Entries taken from a collection
━━━
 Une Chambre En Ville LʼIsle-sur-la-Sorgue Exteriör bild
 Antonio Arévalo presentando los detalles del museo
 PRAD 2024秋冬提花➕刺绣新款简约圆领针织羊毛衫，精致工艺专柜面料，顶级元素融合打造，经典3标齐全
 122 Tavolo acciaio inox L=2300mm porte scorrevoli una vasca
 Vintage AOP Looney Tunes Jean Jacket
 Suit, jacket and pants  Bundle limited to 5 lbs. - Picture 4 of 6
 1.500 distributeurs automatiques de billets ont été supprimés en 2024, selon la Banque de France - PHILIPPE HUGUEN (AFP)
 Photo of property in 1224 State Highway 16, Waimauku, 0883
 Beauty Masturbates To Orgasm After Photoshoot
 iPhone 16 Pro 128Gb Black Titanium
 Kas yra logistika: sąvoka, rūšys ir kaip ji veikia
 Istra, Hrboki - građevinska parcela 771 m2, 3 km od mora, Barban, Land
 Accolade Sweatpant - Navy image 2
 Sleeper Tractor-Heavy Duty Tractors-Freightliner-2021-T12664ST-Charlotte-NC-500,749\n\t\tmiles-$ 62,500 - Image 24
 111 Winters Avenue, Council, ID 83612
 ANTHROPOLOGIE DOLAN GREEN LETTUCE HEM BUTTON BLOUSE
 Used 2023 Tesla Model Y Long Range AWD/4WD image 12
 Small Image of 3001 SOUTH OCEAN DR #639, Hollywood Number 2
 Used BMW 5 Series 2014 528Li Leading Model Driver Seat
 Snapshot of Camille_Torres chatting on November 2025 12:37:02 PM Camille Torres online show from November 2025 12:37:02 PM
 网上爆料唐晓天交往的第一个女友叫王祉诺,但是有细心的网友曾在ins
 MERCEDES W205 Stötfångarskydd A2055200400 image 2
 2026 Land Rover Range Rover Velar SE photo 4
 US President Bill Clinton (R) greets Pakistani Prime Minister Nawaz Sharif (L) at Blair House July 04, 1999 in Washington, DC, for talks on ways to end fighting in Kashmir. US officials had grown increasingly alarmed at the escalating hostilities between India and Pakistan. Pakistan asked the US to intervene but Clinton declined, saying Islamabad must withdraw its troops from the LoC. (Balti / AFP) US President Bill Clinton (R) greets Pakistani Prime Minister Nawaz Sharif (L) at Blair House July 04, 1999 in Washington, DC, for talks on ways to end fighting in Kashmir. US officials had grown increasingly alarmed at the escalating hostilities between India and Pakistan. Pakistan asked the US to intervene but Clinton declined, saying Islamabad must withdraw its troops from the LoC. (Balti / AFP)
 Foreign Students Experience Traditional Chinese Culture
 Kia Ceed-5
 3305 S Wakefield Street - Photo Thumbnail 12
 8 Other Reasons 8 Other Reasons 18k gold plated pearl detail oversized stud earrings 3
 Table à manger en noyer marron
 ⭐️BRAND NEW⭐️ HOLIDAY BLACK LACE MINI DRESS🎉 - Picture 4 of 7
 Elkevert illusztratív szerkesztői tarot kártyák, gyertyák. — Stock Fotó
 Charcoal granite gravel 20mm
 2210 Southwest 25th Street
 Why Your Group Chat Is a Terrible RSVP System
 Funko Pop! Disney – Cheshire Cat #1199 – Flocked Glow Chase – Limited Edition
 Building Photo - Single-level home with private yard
━━━
§ **Task statement**
Please print all the data again exactly as given.

§ **The answer**
 Une Chambre En Ville LʼIsle-sur-la-Sorgue Exteriör bild
 Antonio Arévalo presentando los detalles del museo
 PRAD 2024秋冬提花➕刺绣新款简约圆领针织羊毛衫，精致工艺专柜面料，顶级元素融合打造，经典3标齐全
 122 Tavolo acciaio inox L=2300mm porte scorrevoli una vasca
 Vintage AOP Looney Tunes Jean Jacket
 Suit, jacket and pants  Bundle limited to 5 lbs. - Picture 4 of 6
 1.500 distributeurs automatiques de billets ont été supprimés en 2024, selon la Banque de France - PHILIPPE HUGUEN (AFP)
 Photo of property in 1224 State Highway 16, Waimauku, 0883
 Beauty Masturbates To Orgasm After Photoshoot
 iPhone 16 Pro 128Gb Black Titanium
 Kas yra logistika: sąvoka, rūšys ir kaip ji veikia
 Istra, Hrboki - građevinska parcela 771 m2, 3 km od mora, Barban, Land
 Accolade Sweatpant - Navy image 2
 Sleeper Tractor-Heavy Duty Tractors-Freightliner-2021-T12664ST-Charlotte-NC-500,749\n\t\tmiles-$ 62,500 - Image 24
 111 Winters Avenue, Council, ID 83612
 ANTHROPOLOGIE DOLAN GREEN LETTUCE HEM BUTTON BLOUSE
 Used 2023 Tesla Model Y Long Range AWD/4WD image 12
 Small Image of 3001 SOUTH OCEAN DR #639, Hollywood Number 2
 Used BMW 5 Series 2014 528Li Leading Model Driver Seat
 Snapshot of Camille_Torres chatting on November 2025 12:37:02 PM Camille Torres online show from November 2025 12:37:02 PM
 网上爆料唐晓天交往的第一个女友叫王祉诺,但是有细心的网友曾在ins
 MERCEDES W205 Stötfångarskydd A2055200400 image 2
 2026 Land Rover Range Rover Velar SE photo 4
 US President Bill Clinton (R) greets Pakistani Prime Minister Nawaz Sharif (L) at Blair House July 04, 1999 in Washington, DC, for talks on ways to end fighting in Kashmir. US officials had grown increasingly alarmed at the escalating hostilities between India and Pakistan. Pakistan asked the US to intervene but Clinton declined, saying Islamabad must withdraw its troops from the LoC. (Balti / AFP) US President Bill Clinton (R) greets Pakistani Prime Minister Nawaz Sharif (L) at Blair House July 04, 1999 in Washington, DC, for talks on ways to end fighting in Kashmir. US officials had grown increasingly alarmed at the escalating hostilities between India and Pakistan. Pakistan asked the US to intervene but Clinton declined, saying Islamabad must withdraw its troops from the LoC. (Balti / AFP)
 Foreign Students Experience Traditional Chinese Culture
 Kia Ceed-5
 3305 S Wakefield Street - Photo Thumbnail 12
 8 Other Reasons 8 Other Reasons 18k gold plated pearl detail oversized stud earrings 3
 Table à manger en noyer marron
 ⭐️BRAND NEW⭐️ HOLIDAY BLACK LACE MINI DRESS🎉 - Picture 4 of 7
 Elkevert illusztratív szerkesztői tarot kártyák, gyertyák. — Stock Fotó
 Charcoal granite gravel 20mm
 2210 Southwest 25th Street
 Why Your Group Chat Is a Terrible RSVP System
 Funko Pop! Disney – Cheshire Cat #1199 – Flocked Glow Chase – Limited Edition
 Building Photo - Single-level home with private yard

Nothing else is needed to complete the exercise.